(Beginning of Working data)

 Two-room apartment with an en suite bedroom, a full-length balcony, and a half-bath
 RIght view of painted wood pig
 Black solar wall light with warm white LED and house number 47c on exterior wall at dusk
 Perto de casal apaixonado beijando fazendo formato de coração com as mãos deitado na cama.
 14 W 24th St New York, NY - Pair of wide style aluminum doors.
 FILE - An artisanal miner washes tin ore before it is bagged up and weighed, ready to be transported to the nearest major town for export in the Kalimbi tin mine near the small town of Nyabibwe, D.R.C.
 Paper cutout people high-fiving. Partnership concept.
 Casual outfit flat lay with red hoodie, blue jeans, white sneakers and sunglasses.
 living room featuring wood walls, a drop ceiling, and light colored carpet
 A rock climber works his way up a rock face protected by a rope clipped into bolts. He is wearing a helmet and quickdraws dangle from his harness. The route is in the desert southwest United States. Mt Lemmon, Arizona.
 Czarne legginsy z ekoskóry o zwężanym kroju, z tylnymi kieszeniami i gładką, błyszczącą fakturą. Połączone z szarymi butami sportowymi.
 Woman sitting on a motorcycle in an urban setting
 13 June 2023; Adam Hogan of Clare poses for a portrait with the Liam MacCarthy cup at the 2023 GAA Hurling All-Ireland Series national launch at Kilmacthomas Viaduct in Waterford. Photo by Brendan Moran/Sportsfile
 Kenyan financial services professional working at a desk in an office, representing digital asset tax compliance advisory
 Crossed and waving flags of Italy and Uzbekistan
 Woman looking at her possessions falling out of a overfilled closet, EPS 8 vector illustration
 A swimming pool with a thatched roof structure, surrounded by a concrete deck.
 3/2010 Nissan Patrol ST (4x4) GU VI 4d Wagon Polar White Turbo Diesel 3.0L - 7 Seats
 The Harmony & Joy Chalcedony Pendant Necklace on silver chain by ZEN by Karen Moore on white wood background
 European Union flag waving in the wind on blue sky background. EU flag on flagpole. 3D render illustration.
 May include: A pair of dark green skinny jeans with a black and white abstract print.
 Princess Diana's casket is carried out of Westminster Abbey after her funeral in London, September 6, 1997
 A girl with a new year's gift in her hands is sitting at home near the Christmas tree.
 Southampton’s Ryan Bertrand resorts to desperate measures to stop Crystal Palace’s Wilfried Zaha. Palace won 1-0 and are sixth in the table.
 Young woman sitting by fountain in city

(End of Working data)

A complete, exact transcription of the data above is the required answer.

> [Answer to the problem]:
 Two-room apartment with an en suite bedroom, a full-length balcony, and a half-bath
 RIght view of painted wood pig
 Black solar wall light with warm white LED and house number 47c on exterior wall at dusk
 Perto de casal apaixonado beijando fazendo formato de coração com as mãos deitado na cama.
 14 W 24th St New York, NY - Pair of wide style aluminum doors.
 FILE - An artisanal miner washes tin ore before it is bagged up and weighed, ready to be transported to the nearest major town for export in the Kalimbi tin mine near the small town of Nyabibwe, D.R.C.
 Paper cutout people high-fiving. Partnership concept.
 Casual outfit flat lay with red hoodie, blue jeans, white sneakers and sunglasses.
 living room featuring wood walls, a drop ceiling, and light colored carpet
 A rock climber works his way up a rock face protected by a rope clipped into bolts. He is wearing a helmet and quickdraws dangle from his harness. The route is in the desert southwest United States. Mt Lemmon, Arizona.
 Czarne legginsy z ekoskóry o zwężanym kroju, z tylnymi kieszeniami i gładką, błyszczącą fakturą. Połączone z szarymi butami sportowymi.
 Woman sitting on a motorcycle in an urban setting
 13 June 2023; Adam Hogan of Clare poses for a portrait with the Liam MacCarthy cup at the 2023 GAA Hurling All-Ireland Series national launch at Kilmacthomas Viaduct in Waterford. Photo by Brendan Moran/Sportsfile
 Kenyan financial services professional working at a desk in an office, representing digital asset tax compliance advisory
 Crossed and waving flags of Italy and Uzbekistan
 Woman looking at her possessions falling out of a overfilled closet, EPS 8 vector illustration
 A swimming pool with a thatched roof structure, surrounded by a concrete deck.
 3/2010 Nissan Patrol ST (4x4) GU VI 4d Wagon Polar White Turbo Diesel 3.0L - 7 Seats
 The Harmony & Joy Chalcedony Pendant Necklace on silver chain by ZEN by Karen Moore on white wood background
 European Union flag waving in the wind on blue sky background. EU flag on flagpole. 3D render illustration.
 May include: A pair of dark green skinny jeans with a black and white abstract print.
 Princess Diana's casket is carried out of Westminster Abbey after her funeral in London, September 6, 1997
 A girl with a new year's gift in her hands is sitting at home near the Christmas tree.
 Southampton’s Ryan Bertrand resorts to desperate measures to stop Crystal Palace’s Wilfried Zaha. Palace won 1-0 and are sixth in the table.
 Young woman sitting by fountain in city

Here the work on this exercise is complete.